Однажды, во время прогулки в лесу с женой, летом в имении, она, утомленная от прогулки и жары, присела на пень и выразила сожаление о невозможности получить стакан молока. Несколько дней спустя, князь предложил жене повторить прогулку в лес, и на том самом месте, где она пожелала молока, была выстроена маленькая ферма, и на этот раз она утолила свою жажду «запоздавшим стаканом молока», как извинился князь перед нею. Сумасшедшая расточительность мужа приводила мою бабушку в отчаяние.
Он подписывал векселя, в которых сумма не была проставлена буквами, а выставлена цифрами, и заимодавец мог легко приписать к означенной сумме по нулю, если его бессовестность имела границы, а не то так два и три нуля. Бабушка, предвидя неминуемое разорение, обратилась за помощью к только что вступившему на престол императору Александру I в 1801 году. Но государь отказал, и ничто не могло уже помешать Голицыну стремиться к окончательной гибели материального положения.
Между Голицыным и Разумовским было некоторое свойство; брат бабушки, а мой дедушка, князь Николай Григорьевич Вяземский, в то время гофмаршал, был женат на племяннице графа Льва Кирилловича, и в их доме граф часто встречался с княгиней Голицыной.

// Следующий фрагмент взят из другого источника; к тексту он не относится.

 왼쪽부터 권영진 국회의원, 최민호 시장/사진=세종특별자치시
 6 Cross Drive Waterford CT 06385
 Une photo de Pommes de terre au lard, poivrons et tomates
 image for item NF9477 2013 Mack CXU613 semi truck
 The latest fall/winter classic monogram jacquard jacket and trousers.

Граф Лев Кириллович Разумовский был пятый сын Кирилла Григорьевича, у которого было одиннадцать человек детей: шесть сыновей и пять дочерей. Лев родился в 1757 году. Кирилл Григорьевич стремился дать сыновьям хорошее образование, что при несметном его богатстве не представляло затруднений. Ежегодный его доход определяли в 600 ООО рублей.
Чтобы удалить детей из-под влияния матери, которая не сочувствовала стремлению к культуре, Кирилл Григорьевич нанял на Васильевском острове отдельный дом и поместил туда сыновей, окружив их тщательно избранными гувернерами и профессорами; затем продолжительное пребывание за границей Льва Кирилловича помогло сделать из него всесторонне образованного человека.

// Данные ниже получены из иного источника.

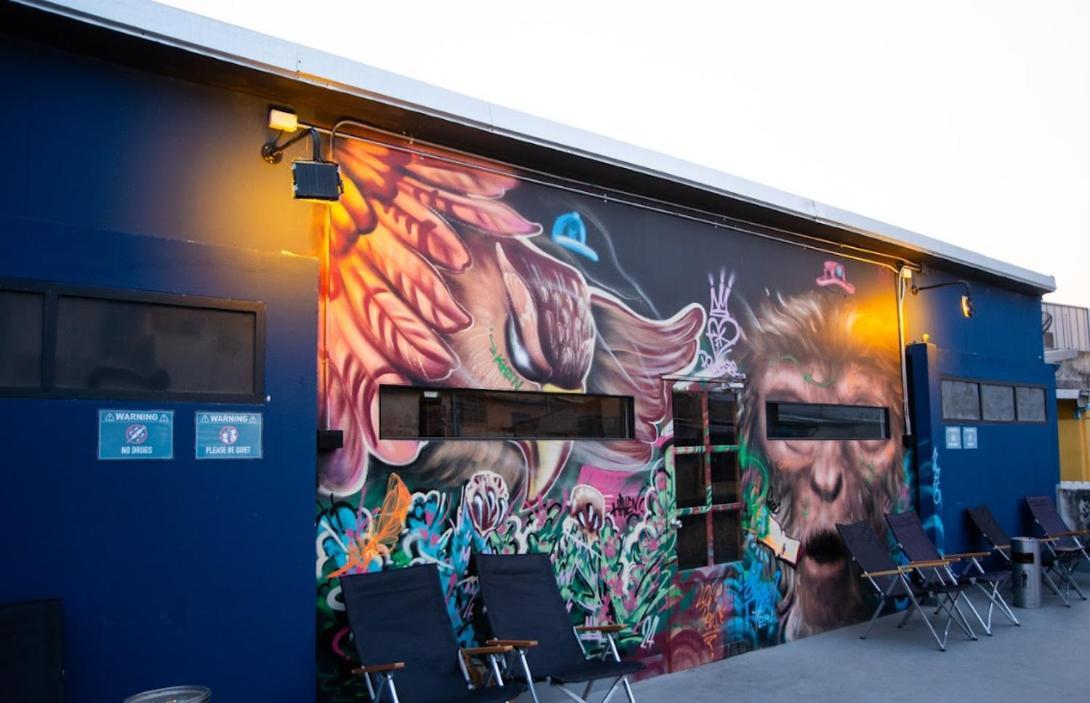 Area81 Hideout Hostel Bangkok Bagian luar foto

Он любил книги, науки, художества, музыку, понимал и сочувствовал природе, и едва ли не у него первого в Москве был при доме зимний сад. Вся Москва стремилась на его праздники, где радушный хозяин принимал истинным барином, в полном и настоящем значении этого слова, очаровывая всех своим добродушием и утонченной вежливостью. Его развитой ум не мог не понять высокого учения масонов и не отнестись отзывчиво к их законам; он сам сделался убежденный масон, был в переписке с Поздеевым, но это не мешало ему быть ревностным, глубоко верующим христианином. Все высокое, чистое и честное привлекало его: это была глубоко отзывчивая личность.

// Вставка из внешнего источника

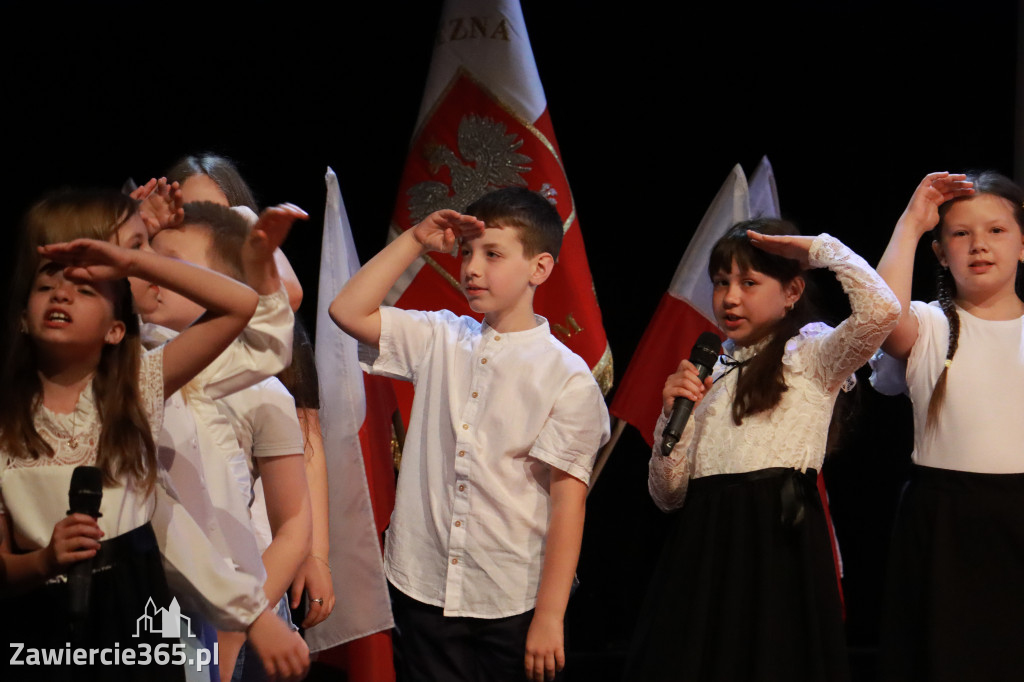 Fotorelacja: Zakończenie Roku Szkolnego - IV Gala Dwójki w MOK Zawiercie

Лев Кириллович Разумовский
В обществе он был милый говорун, несколько картавил, и его вечный насморк придавал его голосу какую-то особенную привлекательность. Он боялся сурового холода зимы и всегда ездил с большой меховой муфтой, которую он ловко и даже грациозно бросал в передней. При частых встречах с молодой княгиней Голицыной нежное сердце графа не устояло при виде ее миловидности и участливо прильнуло к ней, зная, что она несчастлива. Об этом романе вскоре заговорила вся Москва, и тогда, с обоюдного дружелюбного согласия, состоялся развод, который позволил графу жениться на княгине М. Г. Голицыной в 1802 году.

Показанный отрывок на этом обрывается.